### The data
________________

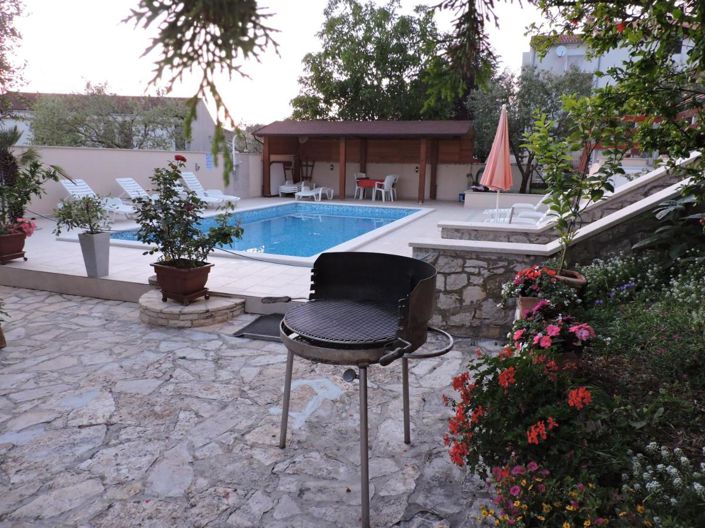 Image No.22-20 Bed Property for sale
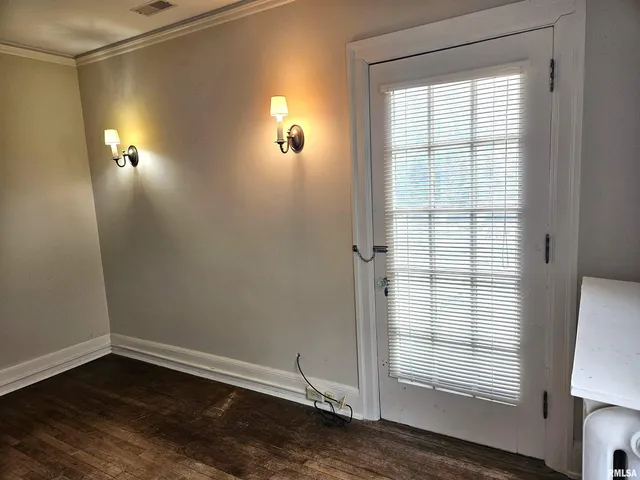 $375,000 | 237 Park Ln Drive, Galesburg, IL 61401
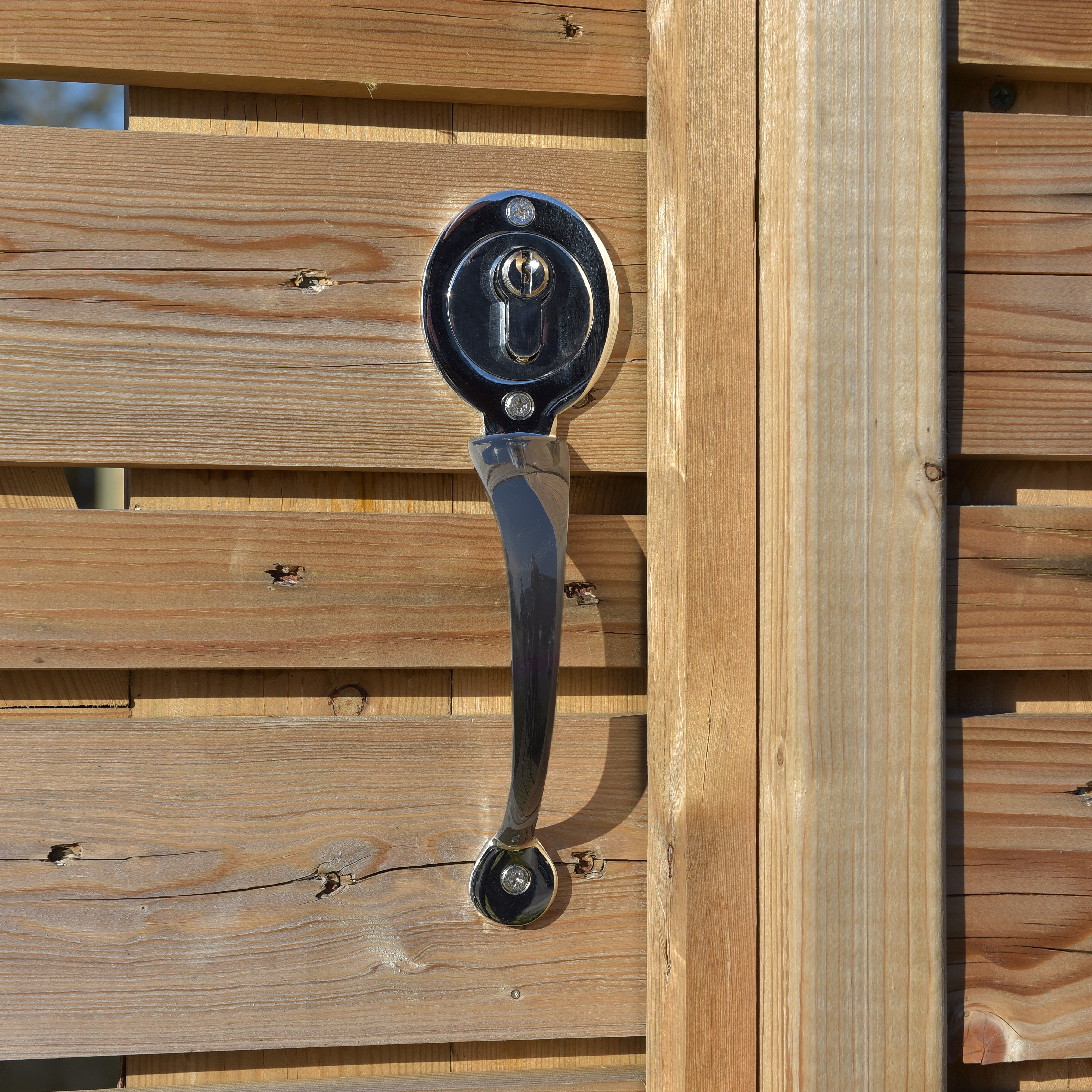 GateMate Euro Lock Chrome Gate Pull Handle (L)22cm (D)40mm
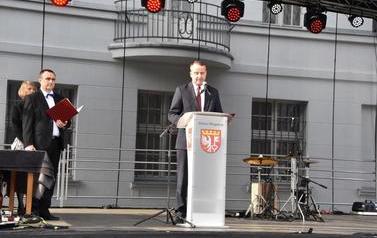 Pomnik Kr&oacute;la Przemysła II zdobi już nasze miasto.  39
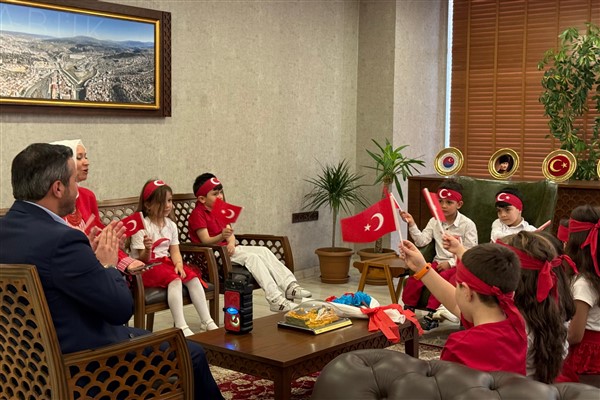 Başkan Çetinkaya, makamını çocuklara devretti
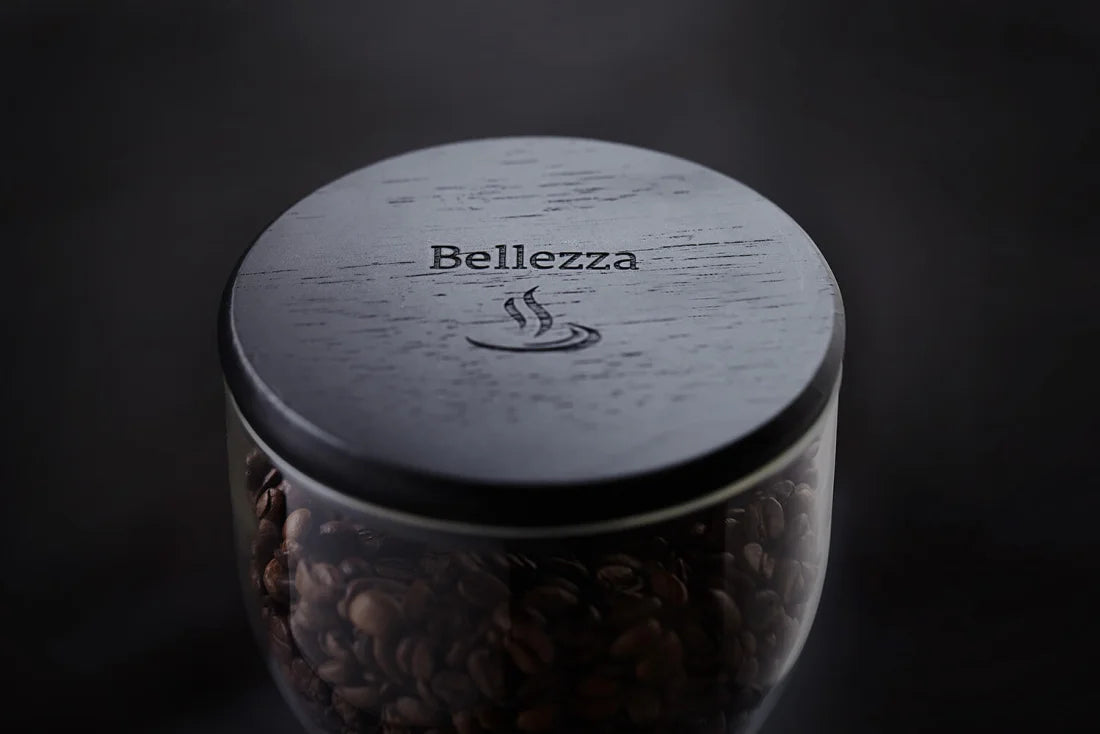 Detaljebillede af Bellezza Piccola 60 Titanio kværn set i fugleperspektiv på sort baggrund.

________________

Starting with the line that contains "Pomnik Kr&oacute;la Przemysła", copy every line word for word through the end of the listing above, but leave out the pictures.

### Task result
 Pomnik Kr&oacute;la Przemysła II zdobi już nasze miasto.  39
 Başkan Çetinkaya, makamını çocuklara devretti
 Detaljebillede af Bellezza Piccola 60 Titanio kværn set i fugleperspektiv på sort baggrund.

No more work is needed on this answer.